------ LISTED ENTRIES ------

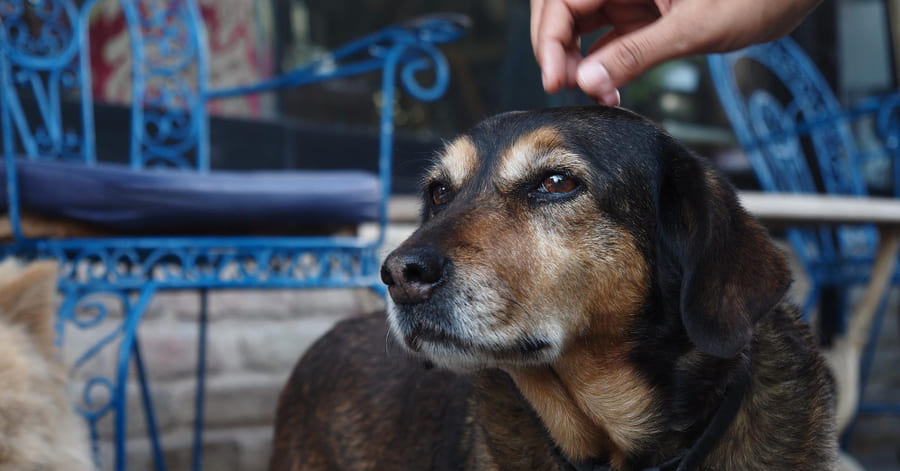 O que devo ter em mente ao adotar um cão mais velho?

------
------ LISTED ENTRIES ------

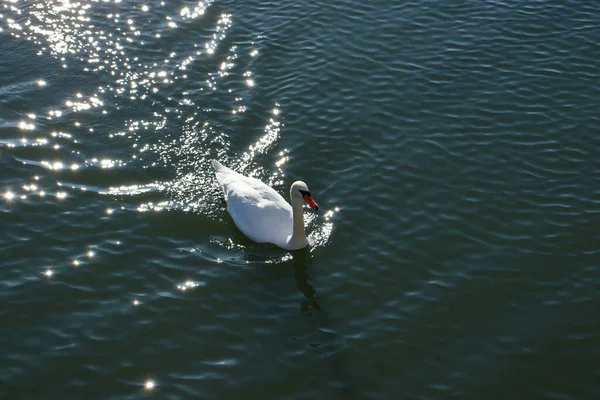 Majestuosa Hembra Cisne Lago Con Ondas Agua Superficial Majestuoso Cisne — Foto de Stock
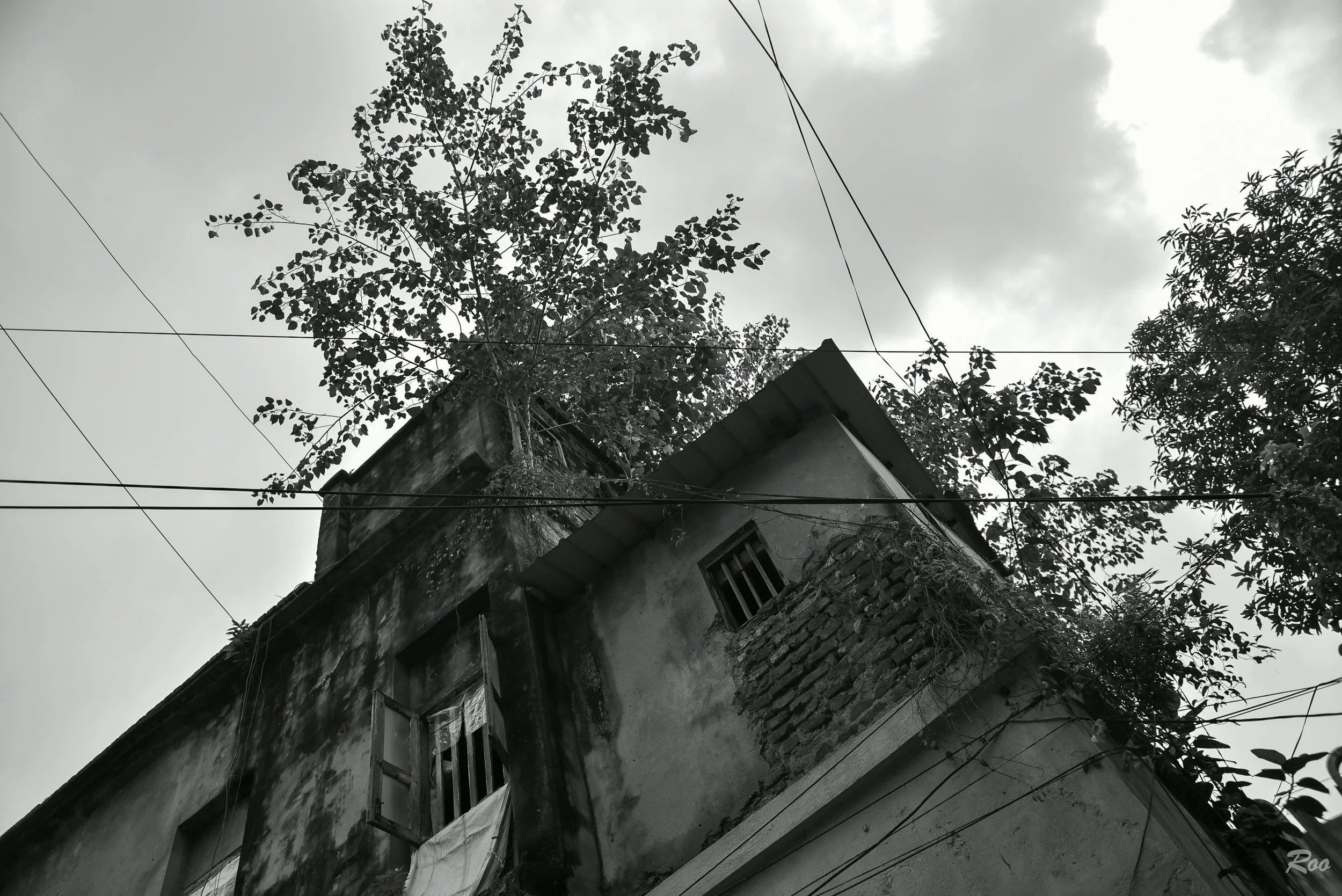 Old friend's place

------
------ LISTED ENTRIES ------

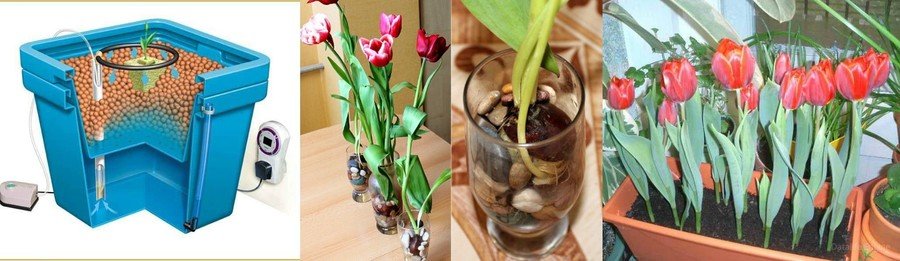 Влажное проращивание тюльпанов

------

■ WHAT TO PRODUCE:
I would like the exact lines from the data above, starting with the one that holds "Majestuosa Hembra Cisne" and going on through the one that holds "Old friend's place", without the pictures.

■ TASK SOLUTION:
 Majestuosa Hembra Cisne Lago Con Ondas Agua Superficial Majestuoso Cisne — Foto de Stock
 Old friend's place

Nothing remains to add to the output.